Exercise description
As the answer, set down the lines below from the one containing "2 level pressure" through the one containing "spare room featuring ceiling fan", exactly and inclusively, and no others.

Dataset entries

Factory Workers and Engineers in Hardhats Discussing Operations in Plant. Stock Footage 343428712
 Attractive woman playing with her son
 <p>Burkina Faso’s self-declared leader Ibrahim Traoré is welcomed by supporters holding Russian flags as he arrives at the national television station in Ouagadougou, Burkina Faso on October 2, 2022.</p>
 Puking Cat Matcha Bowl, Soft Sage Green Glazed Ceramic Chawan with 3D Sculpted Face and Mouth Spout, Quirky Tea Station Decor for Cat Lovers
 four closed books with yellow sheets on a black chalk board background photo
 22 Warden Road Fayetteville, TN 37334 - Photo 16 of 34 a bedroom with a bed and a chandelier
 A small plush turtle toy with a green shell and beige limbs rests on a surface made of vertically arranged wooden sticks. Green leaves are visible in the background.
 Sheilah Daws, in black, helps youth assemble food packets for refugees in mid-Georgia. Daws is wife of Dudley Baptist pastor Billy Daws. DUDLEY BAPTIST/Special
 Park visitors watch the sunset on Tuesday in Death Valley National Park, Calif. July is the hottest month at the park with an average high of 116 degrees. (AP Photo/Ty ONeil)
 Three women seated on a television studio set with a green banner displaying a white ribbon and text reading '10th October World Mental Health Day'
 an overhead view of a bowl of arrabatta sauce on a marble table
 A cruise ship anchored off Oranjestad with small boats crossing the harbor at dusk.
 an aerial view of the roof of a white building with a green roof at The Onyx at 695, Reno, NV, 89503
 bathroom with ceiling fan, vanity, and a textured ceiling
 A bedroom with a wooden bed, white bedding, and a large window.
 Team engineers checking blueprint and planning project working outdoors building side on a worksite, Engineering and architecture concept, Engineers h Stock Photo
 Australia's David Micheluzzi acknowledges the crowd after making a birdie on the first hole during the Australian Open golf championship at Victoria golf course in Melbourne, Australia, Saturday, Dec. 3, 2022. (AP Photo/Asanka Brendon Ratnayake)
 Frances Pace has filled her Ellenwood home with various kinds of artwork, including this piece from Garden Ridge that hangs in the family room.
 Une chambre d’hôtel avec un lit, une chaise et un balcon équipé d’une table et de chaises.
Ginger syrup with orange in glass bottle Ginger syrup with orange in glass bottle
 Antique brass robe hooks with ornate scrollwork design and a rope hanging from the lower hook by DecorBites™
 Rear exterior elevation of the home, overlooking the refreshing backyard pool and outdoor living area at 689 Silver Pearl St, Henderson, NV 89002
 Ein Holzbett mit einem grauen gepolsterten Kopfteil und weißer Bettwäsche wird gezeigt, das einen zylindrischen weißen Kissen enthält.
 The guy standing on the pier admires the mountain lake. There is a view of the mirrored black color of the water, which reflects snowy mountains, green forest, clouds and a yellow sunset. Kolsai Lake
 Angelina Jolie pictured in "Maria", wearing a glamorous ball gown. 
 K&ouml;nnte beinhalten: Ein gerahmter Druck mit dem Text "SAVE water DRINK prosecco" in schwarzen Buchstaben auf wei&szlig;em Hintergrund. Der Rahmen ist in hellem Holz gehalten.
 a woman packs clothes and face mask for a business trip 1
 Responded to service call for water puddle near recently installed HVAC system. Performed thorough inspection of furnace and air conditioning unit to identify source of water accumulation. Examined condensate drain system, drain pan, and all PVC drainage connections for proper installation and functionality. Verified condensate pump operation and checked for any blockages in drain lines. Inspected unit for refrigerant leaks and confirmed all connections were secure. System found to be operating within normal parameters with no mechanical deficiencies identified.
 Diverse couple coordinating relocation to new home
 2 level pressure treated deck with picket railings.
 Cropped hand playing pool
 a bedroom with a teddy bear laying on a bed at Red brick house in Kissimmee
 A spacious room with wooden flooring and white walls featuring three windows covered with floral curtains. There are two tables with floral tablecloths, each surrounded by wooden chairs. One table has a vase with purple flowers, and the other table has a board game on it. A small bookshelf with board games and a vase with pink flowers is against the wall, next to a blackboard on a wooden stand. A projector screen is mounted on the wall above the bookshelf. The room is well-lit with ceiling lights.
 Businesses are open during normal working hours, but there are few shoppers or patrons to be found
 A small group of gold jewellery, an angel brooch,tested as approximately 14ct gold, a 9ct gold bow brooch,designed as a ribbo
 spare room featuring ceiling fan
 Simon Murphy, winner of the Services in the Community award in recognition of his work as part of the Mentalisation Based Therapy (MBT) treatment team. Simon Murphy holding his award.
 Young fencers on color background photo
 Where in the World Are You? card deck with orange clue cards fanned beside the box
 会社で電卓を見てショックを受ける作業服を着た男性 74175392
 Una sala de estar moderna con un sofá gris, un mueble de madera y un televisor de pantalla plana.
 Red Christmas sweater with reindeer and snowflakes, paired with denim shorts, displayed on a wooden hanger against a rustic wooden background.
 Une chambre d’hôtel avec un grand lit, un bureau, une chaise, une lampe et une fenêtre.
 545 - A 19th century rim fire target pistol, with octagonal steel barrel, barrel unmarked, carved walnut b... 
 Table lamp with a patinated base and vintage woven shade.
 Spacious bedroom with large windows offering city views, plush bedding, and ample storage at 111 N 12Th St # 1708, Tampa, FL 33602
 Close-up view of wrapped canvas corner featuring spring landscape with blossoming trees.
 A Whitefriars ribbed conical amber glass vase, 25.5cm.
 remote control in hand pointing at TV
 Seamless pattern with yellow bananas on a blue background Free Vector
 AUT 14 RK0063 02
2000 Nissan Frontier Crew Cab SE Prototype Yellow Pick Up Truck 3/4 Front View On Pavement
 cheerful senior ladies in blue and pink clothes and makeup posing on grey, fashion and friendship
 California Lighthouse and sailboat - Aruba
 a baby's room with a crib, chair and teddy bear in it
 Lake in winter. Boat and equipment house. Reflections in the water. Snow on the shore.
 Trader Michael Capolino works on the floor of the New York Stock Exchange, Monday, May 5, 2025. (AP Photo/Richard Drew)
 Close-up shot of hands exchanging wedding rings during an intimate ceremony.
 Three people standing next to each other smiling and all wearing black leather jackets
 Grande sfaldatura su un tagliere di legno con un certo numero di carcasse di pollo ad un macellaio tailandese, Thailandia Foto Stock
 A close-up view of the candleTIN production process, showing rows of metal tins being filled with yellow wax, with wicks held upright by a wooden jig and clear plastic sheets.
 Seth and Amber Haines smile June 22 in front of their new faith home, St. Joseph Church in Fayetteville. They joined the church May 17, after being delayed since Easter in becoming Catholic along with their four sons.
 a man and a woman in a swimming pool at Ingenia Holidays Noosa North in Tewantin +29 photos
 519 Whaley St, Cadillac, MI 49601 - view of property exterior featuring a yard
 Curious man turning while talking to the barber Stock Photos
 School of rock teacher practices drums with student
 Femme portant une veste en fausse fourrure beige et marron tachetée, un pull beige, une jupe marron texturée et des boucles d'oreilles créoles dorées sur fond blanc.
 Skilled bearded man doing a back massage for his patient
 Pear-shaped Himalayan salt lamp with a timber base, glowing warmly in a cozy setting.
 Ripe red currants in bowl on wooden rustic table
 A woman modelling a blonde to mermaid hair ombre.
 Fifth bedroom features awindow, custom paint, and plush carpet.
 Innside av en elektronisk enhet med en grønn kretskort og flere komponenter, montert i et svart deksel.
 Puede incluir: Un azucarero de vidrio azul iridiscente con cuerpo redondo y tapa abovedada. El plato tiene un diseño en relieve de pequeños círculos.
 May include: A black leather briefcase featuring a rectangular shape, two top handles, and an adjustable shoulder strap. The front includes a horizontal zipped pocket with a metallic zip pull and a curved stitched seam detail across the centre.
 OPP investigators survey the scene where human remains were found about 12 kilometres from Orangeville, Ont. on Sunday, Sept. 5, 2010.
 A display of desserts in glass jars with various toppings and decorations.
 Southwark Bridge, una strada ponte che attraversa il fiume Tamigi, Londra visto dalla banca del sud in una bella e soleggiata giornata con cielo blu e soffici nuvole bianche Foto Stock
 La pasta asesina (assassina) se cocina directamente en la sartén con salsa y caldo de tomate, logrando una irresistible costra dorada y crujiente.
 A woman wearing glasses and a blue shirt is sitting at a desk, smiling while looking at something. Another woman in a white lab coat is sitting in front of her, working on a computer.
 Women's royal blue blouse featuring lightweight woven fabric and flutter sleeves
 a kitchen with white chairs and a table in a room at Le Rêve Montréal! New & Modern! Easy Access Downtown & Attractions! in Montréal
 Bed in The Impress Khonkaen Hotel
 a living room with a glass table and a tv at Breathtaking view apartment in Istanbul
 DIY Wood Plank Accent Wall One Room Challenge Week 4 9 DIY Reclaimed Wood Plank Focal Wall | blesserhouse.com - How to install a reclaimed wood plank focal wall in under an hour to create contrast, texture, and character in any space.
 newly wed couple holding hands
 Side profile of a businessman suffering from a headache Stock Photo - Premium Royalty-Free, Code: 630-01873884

Task response
 2 level pressure treated deck with picket railings.
 Cropped hand playing pool
 a bedroom with a teddy bear laying on a bed at Red brick house in Kissimmee
 A spacious room with wooden flooring and white walls featuring three windows covered with floral curtains. There are two tables with floral tablecloths, each surrounded by wooden chairs. One table has a vase with purple flowers, and the other table has a board game on it. A small bookshelf with board games and a vase with pink flowers is against the wall, next to a blackboard on a wooden stand. A projector screen is mounted on the wall above the bookshelf. The room is well-lit with ceiling lights.
 Businesses are open during normal working hours, but there are few shoppers or patrons to be found
 A small group of gold jewellery, an angel brooch,tested as approximately 14ct gold, a 9ct gold bow brooch,designed as a ribbo
 spare room featuring ceiling fan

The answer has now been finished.